October 2021 - Bozhie/transcription-modeling GitHub Wiki

10.21.2021

Jupyter notebook Commit: Relationship between Expression and CTCF binding to TSS

Questions: I am working on re-creating the relationship between differential expression and the CTCF binding TSS (Elphege Fig. 6 b), but I'm a little stuck. I built bedframes and did some intersections for finding the closest TSS for both RNA-seq and ChiP-seq data, so that I can compare the differential expression to the binding location of CTCF. I'm having trouble figuring out how to connect these two datasets.

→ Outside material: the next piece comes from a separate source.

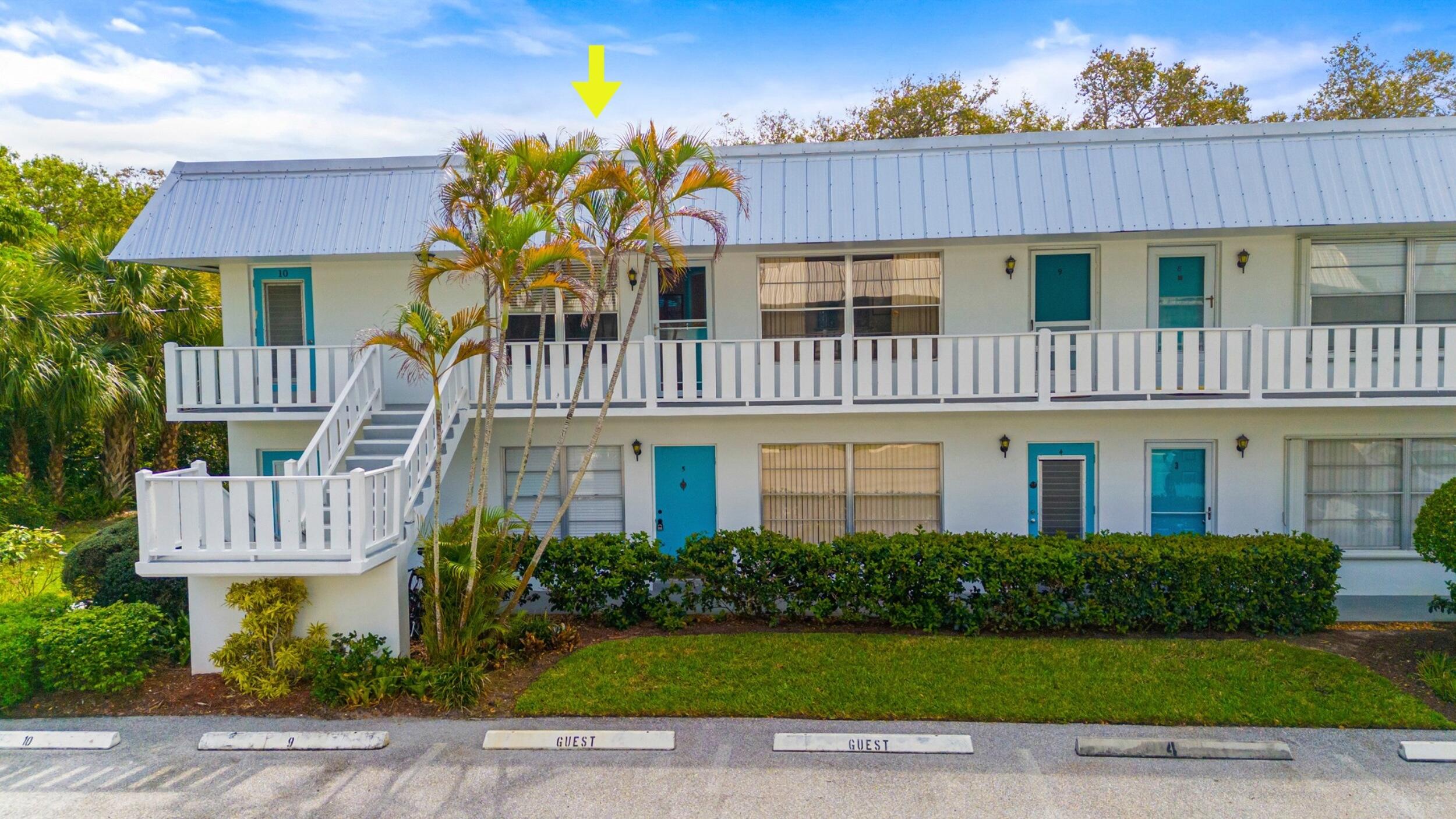 2929 Southeast Ocean Boulevard, Unit 10510 Stuart, FL 34996 - Photo 30 of 37 a front view of a house with a garden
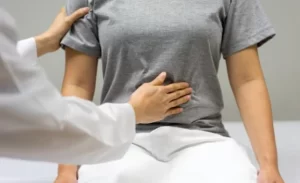 FTT_Đau bụng âm ỉ kéo dài có nguy hiểm không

Notes for two approaches in notebook

Next Steps: Geoff Suggested the following:

For the Nora 2017 Fig. 6b, I think the easiest approach may involve pybbi: https://github.com/nvictus/pybbi. Sorry I forgot to mention that package!

This can extract the signal from a bigwig around a set of locations (here, the positions of TSS you parsed into RNA_seq_bf), either with BBIFile.stackup or bbi.stackup syntax.

So this could involve: 0. Figuring out which bigWig they used for this figure.

expanding the TSS positions to be +/- 1kb

feeding this to bbi stackup to extract a #TSS x #bins matrix of CTCF signal from the bigWig.

sort the resulting matrix by RNA log-fold change (the other column) to get something that looks like 6b.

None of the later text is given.